Pull each line holding the word "video" from the data.

--- RAW DATA ---

--- START ---

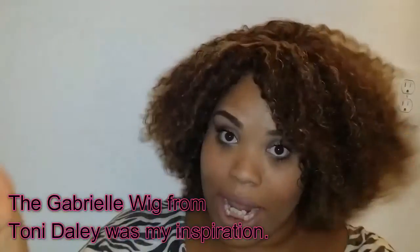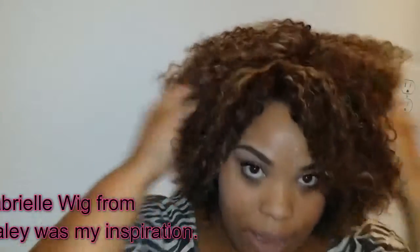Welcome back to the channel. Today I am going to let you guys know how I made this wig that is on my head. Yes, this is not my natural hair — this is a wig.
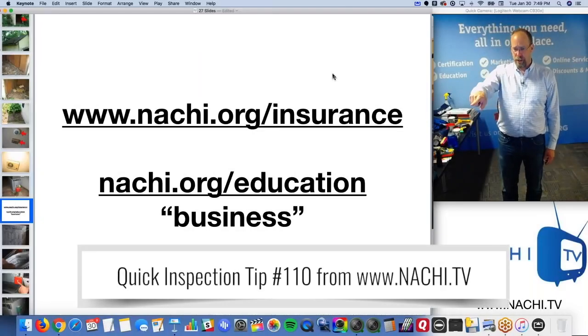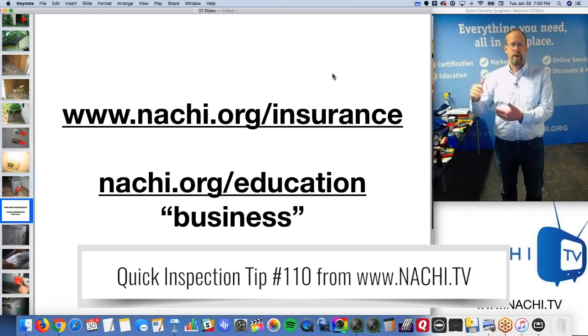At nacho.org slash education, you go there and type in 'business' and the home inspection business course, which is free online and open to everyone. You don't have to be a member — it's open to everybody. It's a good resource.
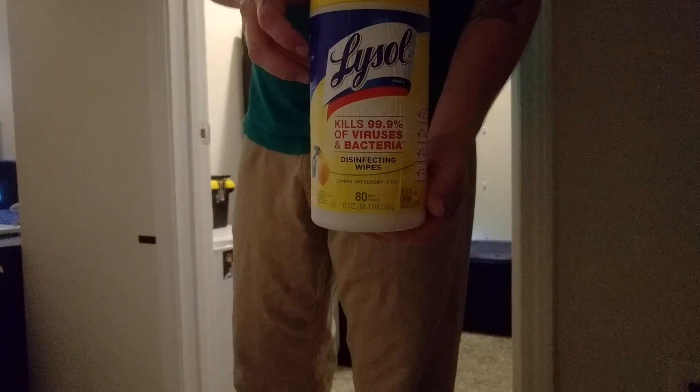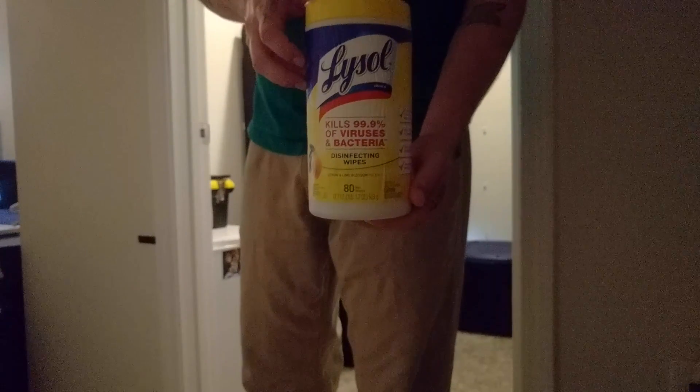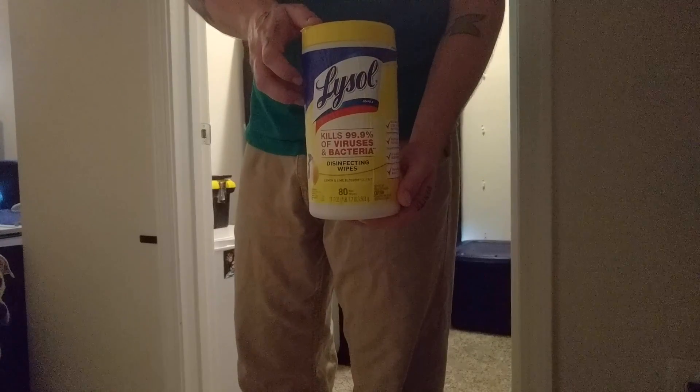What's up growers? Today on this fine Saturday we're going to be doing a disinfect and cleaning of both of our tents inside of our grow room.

--- END ---
--- START ---

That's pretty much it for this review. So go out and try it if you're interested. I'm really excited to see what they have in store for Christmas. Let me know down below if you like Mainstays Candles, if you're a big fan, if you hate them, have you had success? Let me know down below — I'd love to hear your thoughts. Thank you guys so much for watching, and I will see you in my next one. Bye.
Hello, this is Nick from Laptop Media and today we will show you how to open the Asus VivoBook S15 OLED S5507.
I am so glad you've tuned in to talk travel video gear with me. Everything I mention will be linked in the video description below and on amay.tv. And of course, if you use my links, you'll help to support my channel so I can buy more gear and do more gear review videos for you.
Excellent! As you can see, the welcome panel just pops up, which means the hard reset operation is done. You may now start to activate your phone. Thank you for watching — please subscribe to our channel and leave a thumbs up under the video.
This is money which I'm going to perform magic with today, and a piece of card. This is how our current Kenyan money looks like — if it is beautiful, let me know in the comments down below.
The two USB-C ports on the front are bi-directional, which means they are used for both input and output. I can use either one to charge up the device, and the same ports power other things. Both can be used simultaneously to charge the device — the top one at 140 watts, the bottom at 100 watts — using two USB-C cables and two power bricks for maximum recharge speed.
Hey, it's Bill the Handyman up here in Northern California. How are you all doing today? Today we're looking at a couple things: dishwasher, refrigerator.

--- END ---

--- REPLY ---
I am so glad you've tuned in to talk travel video gear with me. Everything I mention will be linked in the video description below and on amay.tv. And of course, if you use my links, you'll help to support my channel so I can buy more gear and do more gear review videos for you.
Excellent! As you can see, the welcome panel just pops up, which means the hard reset operation is done. You may now start to activate your phone. Thank you for watching — please subscribe to our channel and leave a thumbs up under the video.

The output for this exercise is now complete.